In 1924, Moschcowitz described a case of a 16-year-old girl with weakness, pallor, purpura, and hemiparesis who died after 14 days with cardiac failure. Autopsy revealed hyaline thrombi in terminal arterioles and capillaries throughout most organs, including the kidney. This report was the first description of TTP and was also known as ADAMTS13 deficiency mediated [1]. In 1982, unusually large multicenter of von Willbrand factor was observed in patients with chronic and relapsing TTP. This previous finding led to the discovery of a von Willebrand factor-cleaving protease that was subsequently characterized as ADAMTS13 [1]. 

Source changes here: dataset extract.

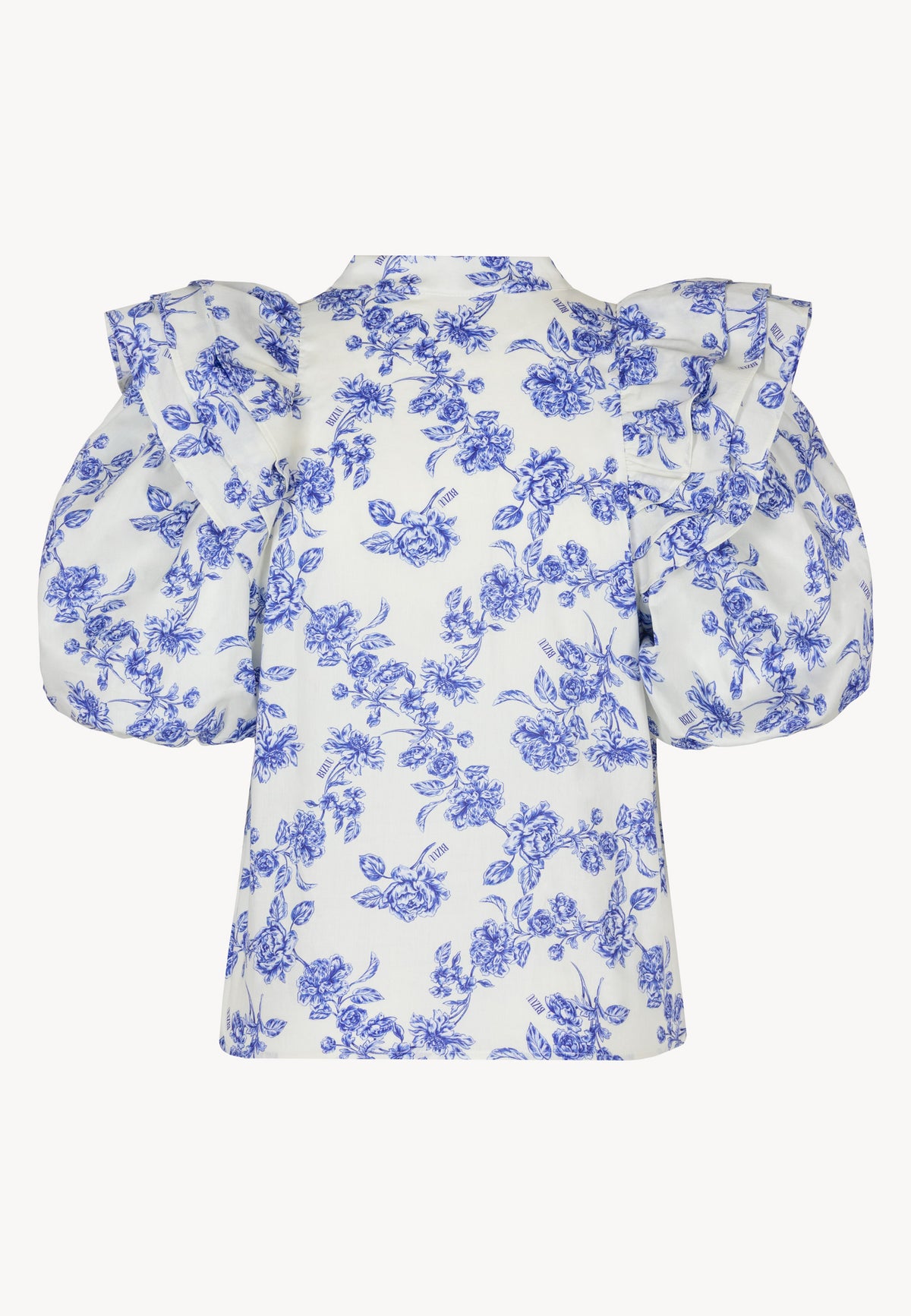 Back of ALIANNA cotton blouse in blue floral print. Blouse with buff sleeves.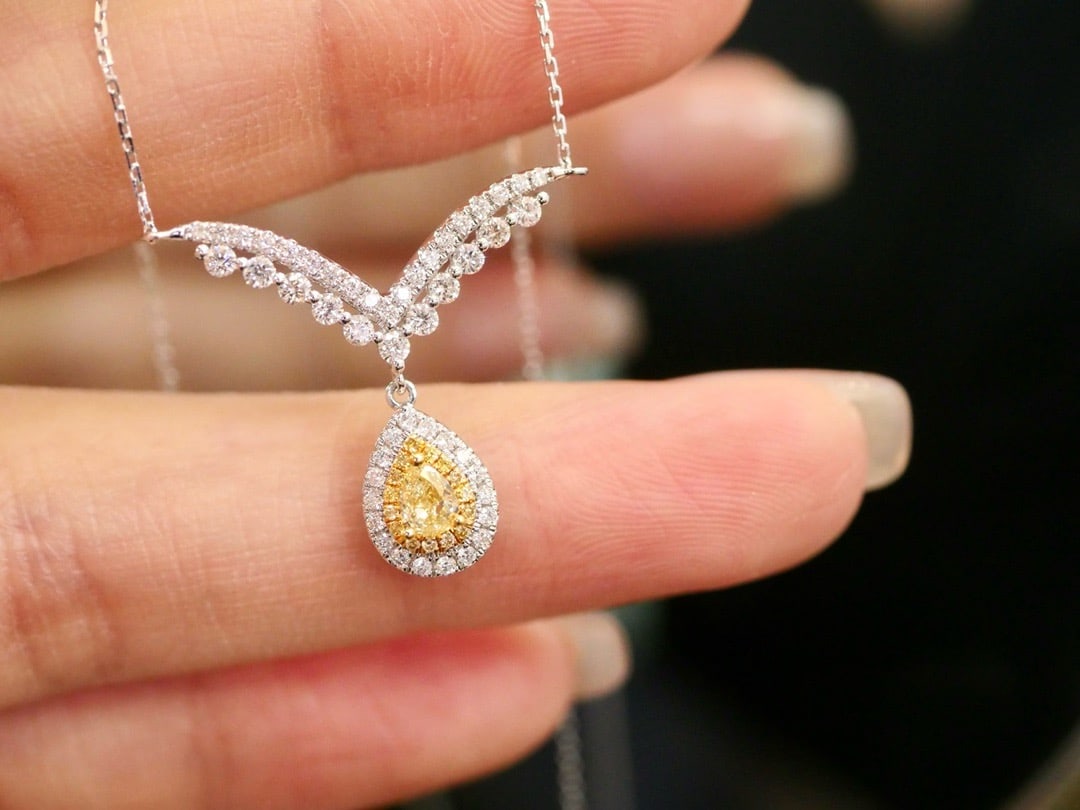 14k Gold 0.58 Ctw Natural Yellow Diamond & Diamond Necklace - 5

The incidence of acquired TTP is much greater in adults (2.9 cases per one million per year) than in children (0.1 cases per one million per year) [1]. Over a 25-year period in the Sacramento, California region (population at risk, 1.2 million), at least 176 documented cases of TTP were reported. In another one-year study, 20 institutions reported 115 patients with TTP. A French national registry found that the rate of TTP in France was 13 cases per million population [1]. Untreated, TTP has a mortality rate as high as 90%. With the plasma exchange, the mortality rated is reduced to 10%-20%. Acute morbidity includes ischemic events like strokes, transient ischemic attack, myocardial infarction, bleeding, and azotemia.

Pathophysiology

A deficiency of this enzyme can be either acquired or hereditary. Hereditary TTP (also called Upshaw-Schulman syndrome) is caused by homozygous or compound heterozygous ADAMTS13 mutation [2]. Acquired TTP it is an autoimmune disorder caused by autoantibody inhibition of ADAMTS13 activity.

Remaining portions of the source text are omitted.